# YOUR TASK:
The data below holds the lines to copy: everything from the line containing "Baseus GaN5 Pro" to the line containing "Personalised Classic Initials", both ends included, set down exactly.

____ AVAILABLE RECORDS

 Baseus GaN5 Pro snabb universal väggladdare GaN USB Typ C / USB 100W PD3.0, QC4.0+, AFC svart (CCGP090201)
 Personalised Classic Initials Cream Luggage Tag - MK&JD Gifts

________
____ AVAILABLE RECORDS

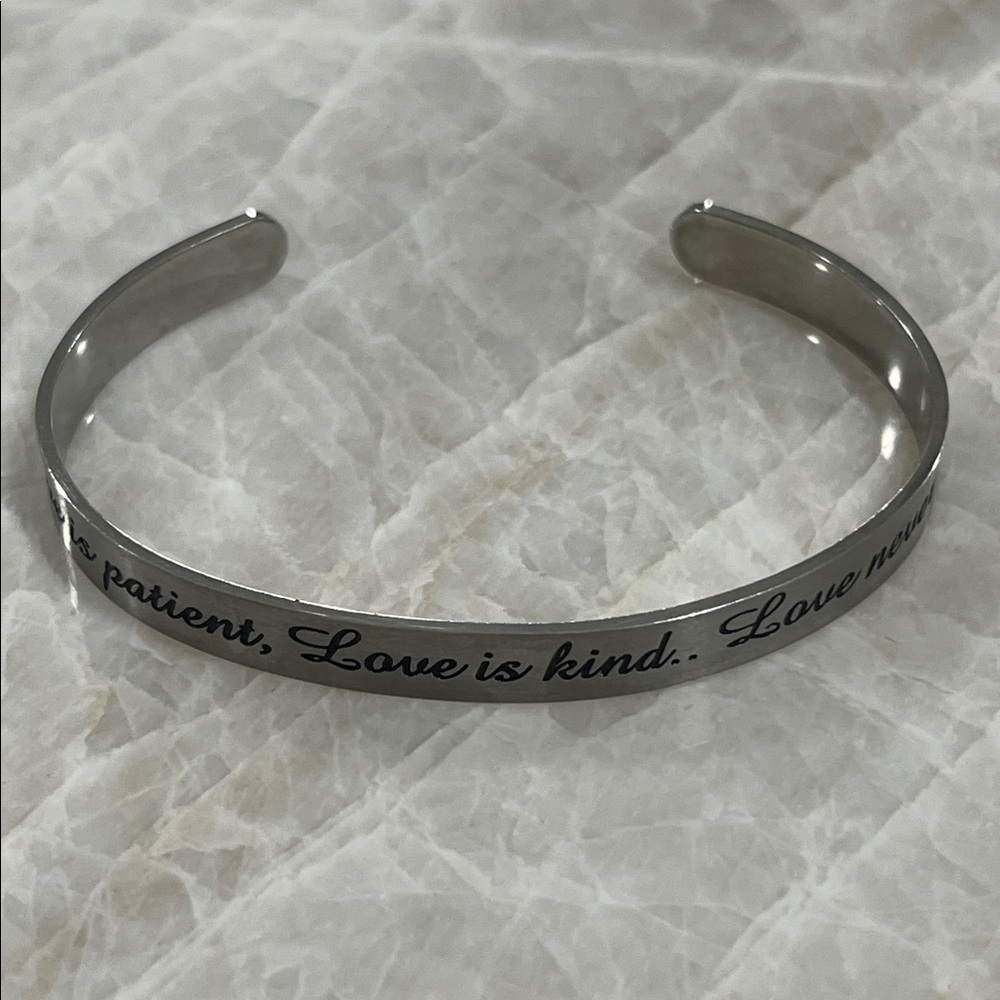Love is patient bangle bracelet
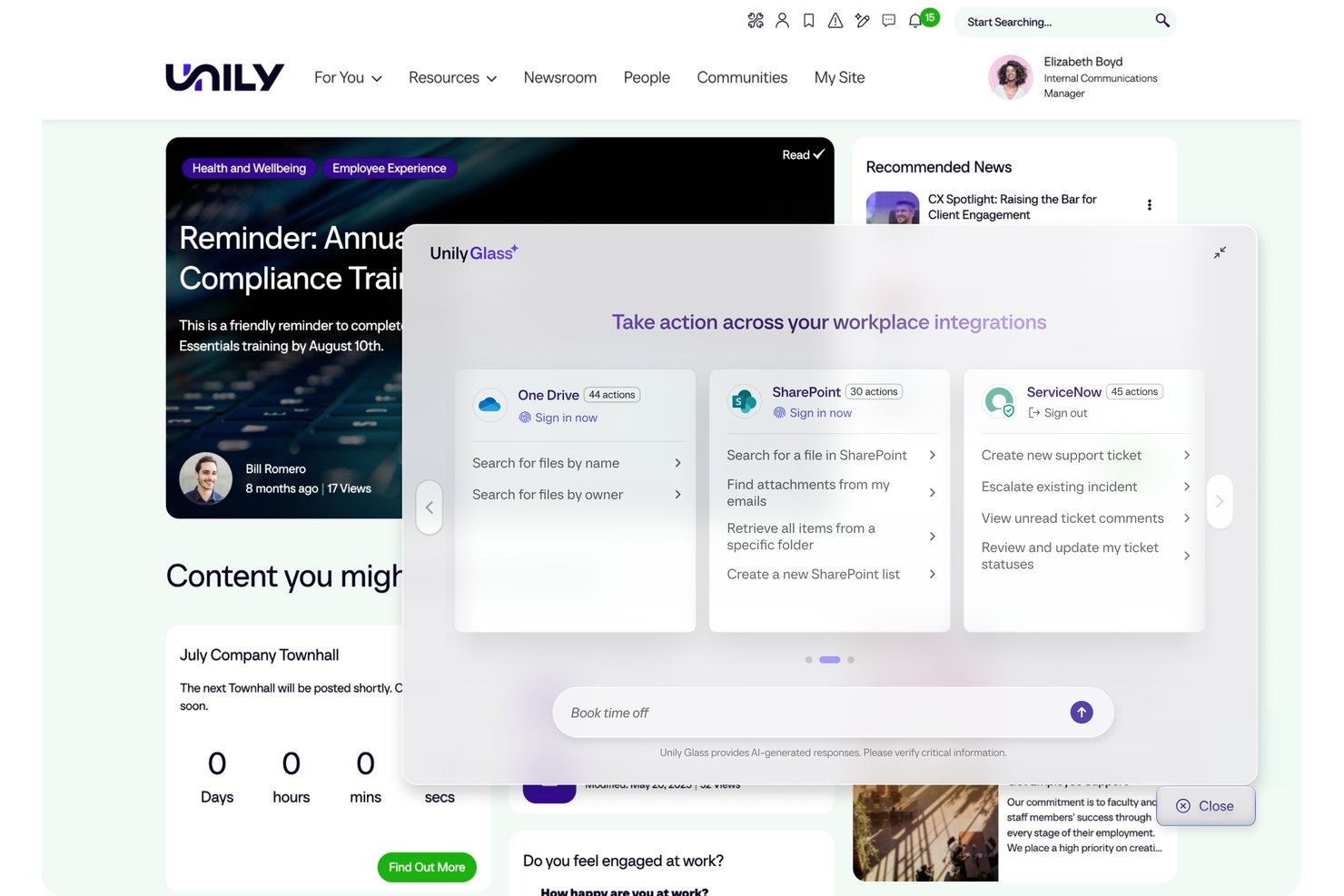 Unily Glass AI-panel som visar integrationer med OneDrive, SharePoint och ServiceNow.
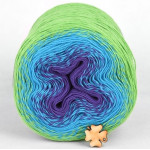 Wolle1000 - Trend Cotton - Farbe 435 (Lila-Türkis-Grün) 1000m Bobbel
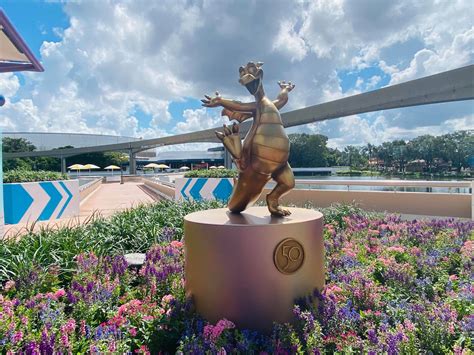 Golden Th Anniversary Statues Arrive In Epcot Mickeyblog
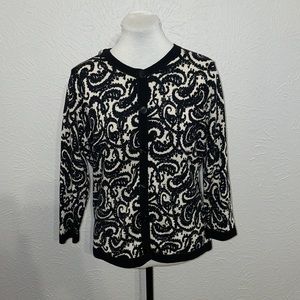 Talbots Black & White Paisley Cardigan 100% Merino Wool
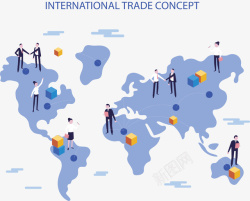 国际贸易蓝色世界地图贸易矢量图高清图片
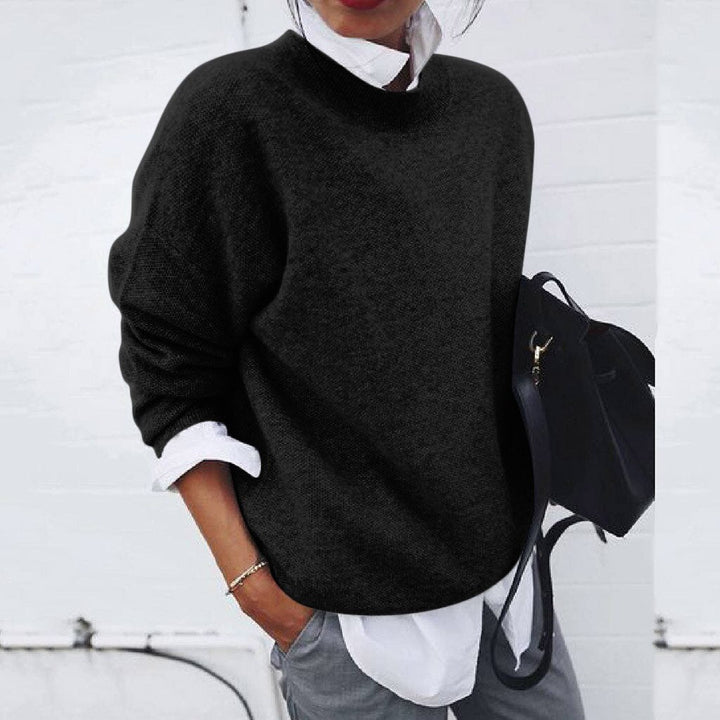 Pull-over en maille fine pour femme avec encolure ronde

________

# TASK SOLUTION:
 Baseus GaN5 Pro snabb universal väggladdare GaN USB Typ C / USB 100W PD3.0, QC4.0+, AFC svart (CCGP090201)
 Personalised Classic Initials Cream Luggage Tag - MK&JD Gifts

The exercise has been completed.